Alors que les talibans continuent de renforcer leur position, leurs relations avec d'autres factions islamistes (qui ont pu soutenir le groupe pendant l'insurrection) se détériorent, comme le montre la vague d'attentats (contre des dirigeants talibans clés) perpétrés par l'État islamique de la province de Khorasan (ISKP) depuis le mois d'août 2021. Dans le contexte des relations de travail des talibans avec Al-Qaïda (essentiellement par l'intermédiaire de Sirajuddin Haqqani, le ministre de l'intérieur des talibans), les experts restent sceptiques quant au fait que les talibans accordent une certaine marge de manœuvre aux réseaux liés à Al-Qaïda pour qu'ils prospèrent ou même recrutent des combattants en Afghanistan. Certains experts estiment qu'Al-Qaïda joue un rôle de supervision limité, en se concentrant sur la propagande islamiste sur l'ordre de Siraj Haqqani. D'autres, au contraire, estiment que ce point est contradictoire et qu'Al-Qaïda se concentre sur le recrutement de combattants dans les pays d'Asie centrale, afin d'étoffer les rangs des talibans.  
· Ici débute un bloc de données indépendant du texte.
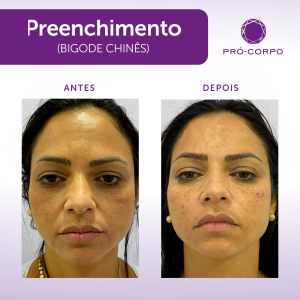 Preenchimento Bigode Chines Fotos  Antes e Depois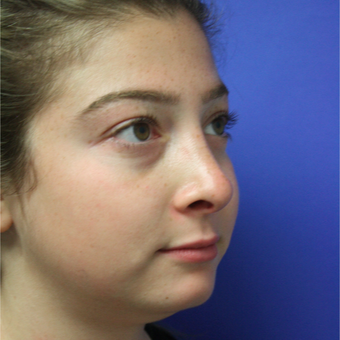 18-24 year old woman treated with Rhinoplasty after 3400334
Cela dit, si l'argument susmentionné est valable pour la communauté mondiale (en particulier pour les économies d'Asie du Sud), l'Afghanistan va-t-il devenir, ou est-il déjà devenu, une plaque tournante pour les combattants terroristes étrangers sous le régime des talibans ? Si ce n'est pas le cas, y a-t-il un afflux de combattants étrangers en Afghanistan et cet afflux augmentera-t-il en 2024 ?

Compte tenu des questions susmentionnées, les auteurs ont fondé leur analyse sur deux questions clés : les talibans, après leur arrivée au pouvoir, ont-ils eu un impact sur le recrutement de combattants terroristes étrangers dans la région ? Et qu'est-ce que cela signifie pour les économies d'Asie du Sud et de l'Est dans le contexte de la menace posée par ces combattants, s'ils décident de retourner dans leur pays d'origine ? 

Recherche des combattants étrangers après la prise de Kaboul par les talibans  

Alors que les talibans sont au pouvoir depuis deux ans, la présence de combattants terroristes étrangers dans la région ne surprend pas les auteurs. Avant même que les talibans ne prennent officiellement le contrôle de Kaboul, un rapport du Conseil de sécurité des Nations unies publié en juin 2021 estimait entre 8 000 et 10 000 le nombre de combattants terroristes étrangers dans le pays, avec des nationalités provenant des économies d'Asie centrale, de la région caucasienne de la Fédération de Russie, des provinces septentrionales du Pakistan et de la région autonome ouïgoure du Xinjiang en Chine. Selon une estimation, juin 2022 a vu une diminution de la présence de combattants terroristes étrangers dans la région, entre 3 000 et 4 000 - principalement affiliés aux talibans, envoyés pour remplir les rangs du Tehrik-e-the Taliban Pakistan (TTP), un groupe affilié aux talibans. Selon une autre estimation, le mois de juin 2023 a vu une marée de recrues se porter volontaires auprès des factions terroristes des économies d'Asie centrale pour rejoindre les rangs des talibans. Plus de 7 000 combattants auraient rejoint les rangs des Talibans entre juin et août 2023, se présentant comme une entité modèle « plus structurée, hiérarchisée et véritablement islamiste » que d'autres groupes d'Asie du Sud et d'Asie centrale. 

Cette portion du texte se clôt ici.